=== Problem requirements ===
Leave the pictures out and return every line below exactly.

=== Supplied information ===
* * * *

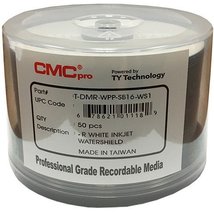 CMC Pro - Powered byTY Technology Watershield Glossy White Inkjet Hub 16X DVD-R  - £30.22 GBP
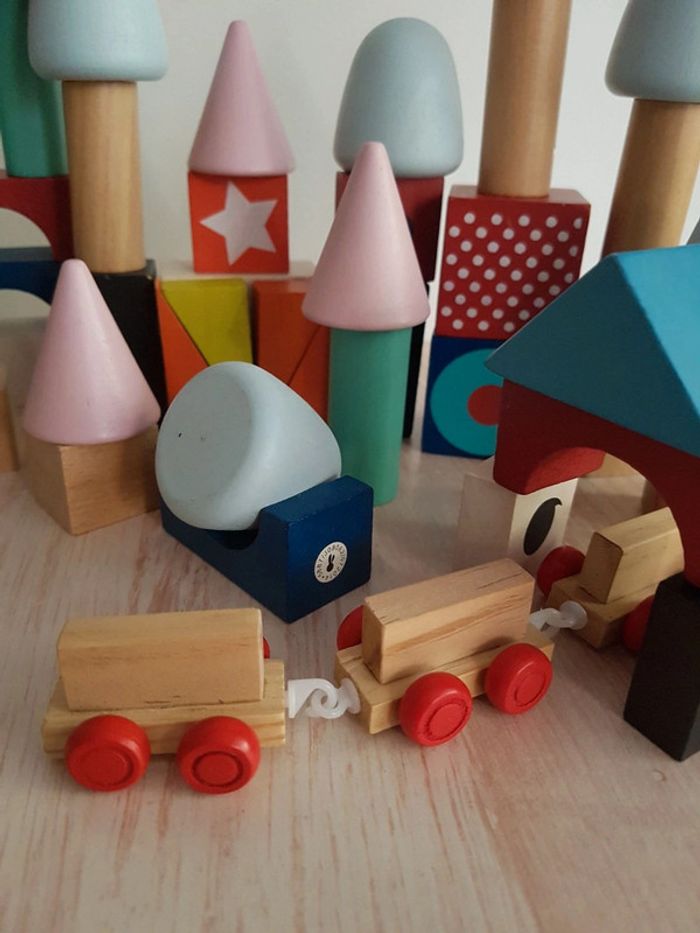 Kubix blocs de construction en bois Janod et petit train - photo numéro 20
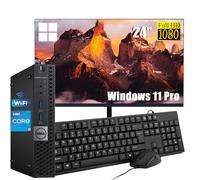 Dell Optiplex 5050 - Mini PC con monitor de 24 pulgadas, Intel Core i5-6500, 8 GB de RAM, SSD de 256 GB, teclado estadounidense QWERTY, WiFi, Bluetooth, Windows 11 Pro (renovado)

* * * *

=== Task answer ===
 CMC Pro - Powered byTY Technology Watershield Glossy White Inkjet Hub 16X DVD-R  - £30.22 GBP
 Kubix blocs de construction en bois Janod et petit train - photo numéro 20
 Dell Optiplex 5050 - Mini PC con monitor de 24 pulgadas, Intel Core i5-6500, 8 GB de RAM, SSD de 256 GB, teclado estadounidense QWERTY, WiFi, Bluetooth, Windows 11 Pro (renovado)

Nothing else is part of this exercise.